3,515 posts, read 3,802,652 times
Reputation: 1814
Quote:
Originally Posted by NWOH View Post
Thanks for the quick replies and varying perspectives on Kettering and Beavercreek! We don't necessarily mind paying taxes in order to get good city services, which seems to be a positive in Kettering with their parks, city services and sidewalks (we are moving from a city with a 2.5% income tax). However, not having to pay income tax by living in Beavercreek would be a big saving, plus we'd be closer to the base and bike trails. And the overall impression I get is that Beavercreek schools out rank Kettering.

Wrightflyer, thanks for the info on older Beavercreek neighborhoods. I'd also be interested in learning more about the area bounded by grange (west), kemp (north), north fairfield (east), and dayton-xenia (south). Seems like there are many houses within our price range (or below which is a plus!) as well as on the east side of north fairfiled by the high school.

A few specific questions on my mind:
- I've gotten the impression some of the older parts of Beavercreek are not well taken care of by the residents (i.e. poorly maintained houses and multiple cars parked in yards). Does this impression ring true?
- Oakwood seems really appealing with kids walking to school, a community focus on education and great sense of community.
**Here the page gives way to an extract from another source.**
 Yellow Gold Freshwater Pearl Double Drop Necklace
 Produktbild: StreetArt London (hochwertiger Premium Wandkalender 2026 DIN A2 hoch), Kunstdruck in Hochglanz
The east side of 48 has houses within our price range and we don't mind the small size. However, is the community welcoming to newcomers? Is everyone there trying to keep up with Joneses? Overall it seems like Oakwood has great city services and schools for the high taxes they pay, we don't mind spending money on a community but we aren't interested in trying to fit in by obtaining possessions (or having our kids group up with that mentality). Also are the areas around Oakwood, especially North and East particularly, unsavory (i.e., I wouldn't want to go for a walk there or feel safe having kids walk there)?
wrightflyer and hensleya1, who is currently looking for a house in Beavercreek, posted and are probably going to be your best info sources there. I don't think I'd be able to add much info.

As for Oakwood, I'd agree with Joe's analysis, but wrightflyer does have some good, true points.
The city government there does work like a giant HOA, which has benefits and drawbacks. It's certainly welcoming to newcomers, it is a popular spot to relocate to in the Dayton area and people are always moving in and out. I would not agree that people in Oakwood are materialistic or overly concerned about status. Keep in mind you are moving to Dayton, OH, not the Hamptons, coastal LA, or even Indian Hill in Cincinnati. Oakwood people aren't pretentious.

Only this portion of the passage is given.